(What you are asked to do)
There is a line containing "And there we" in the records below. Repeat it and every line after it, exactly, through the final line, but no pictures.

(Input material)

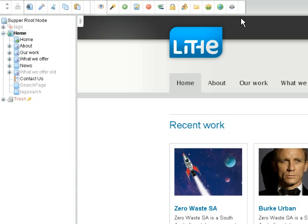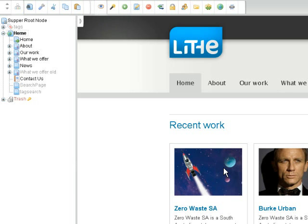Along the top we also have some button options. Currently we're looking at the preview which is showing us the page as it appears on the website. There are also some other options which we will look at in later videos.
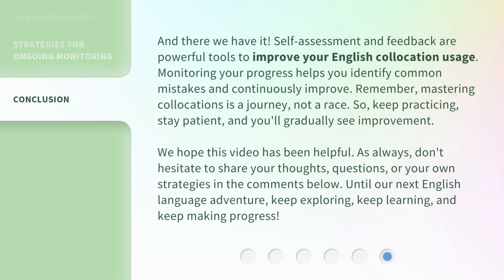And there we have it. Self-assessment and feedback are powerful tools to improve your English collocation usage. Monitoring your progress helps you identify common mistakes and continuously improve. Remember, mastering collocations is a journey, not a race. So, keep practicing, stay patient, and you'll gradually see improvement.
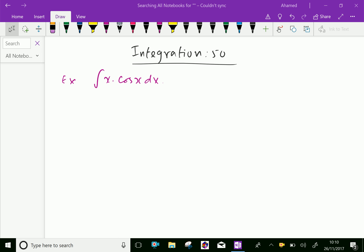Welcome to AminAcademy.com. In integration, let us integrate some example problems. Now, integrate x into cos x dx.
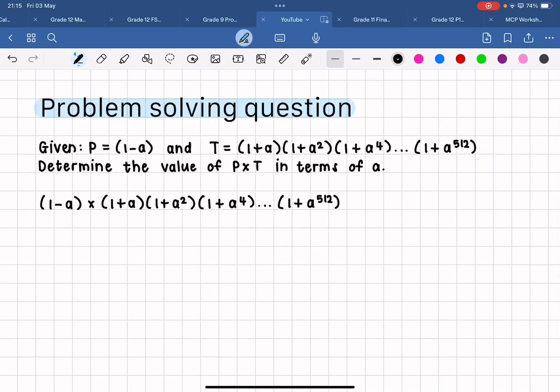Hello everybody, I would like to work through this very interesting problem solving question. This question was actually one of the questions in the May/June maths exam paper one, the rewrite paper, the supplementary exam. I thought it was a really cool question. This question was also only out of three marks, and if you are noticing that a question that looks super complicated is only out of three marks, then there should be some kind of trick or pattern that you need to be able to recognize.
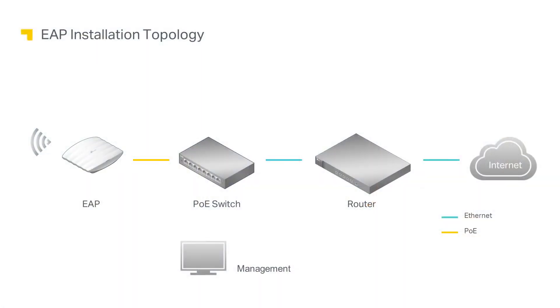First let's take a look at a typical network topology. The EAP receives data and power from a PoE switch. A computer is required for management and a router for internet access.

(Response box)
And there we have it. Self-assessment and feedback are powerful tools to improve your English collocation usage. Monitoring your progress helps you identify common mistakes and continuously improve. Remember, mastering collocations is a journey, not a race. So, keep practicing, stay patient, and you'll gradually see improvement.
Welcome to AminAcademy.com. In integration, let us integrate some example problems. Now, integrate x into cos x dx.
Hello everybody, I would like to work through this very interesting problem solving question. This question was actually one of the questions in the May/June maths exam paper one, the rewrite paper, the supplementary exam. I thought it was a really cool question. This question was also only out of three marks, and if you are noticing that a question that looks super complicated is only out of three marks, then there should be some kind of trick or pattern that you need to be able to recognize.
First let's take a look at a typical network topology. The EAP receives data and power from a PoE switch. A computer is required for management and a router for internet access.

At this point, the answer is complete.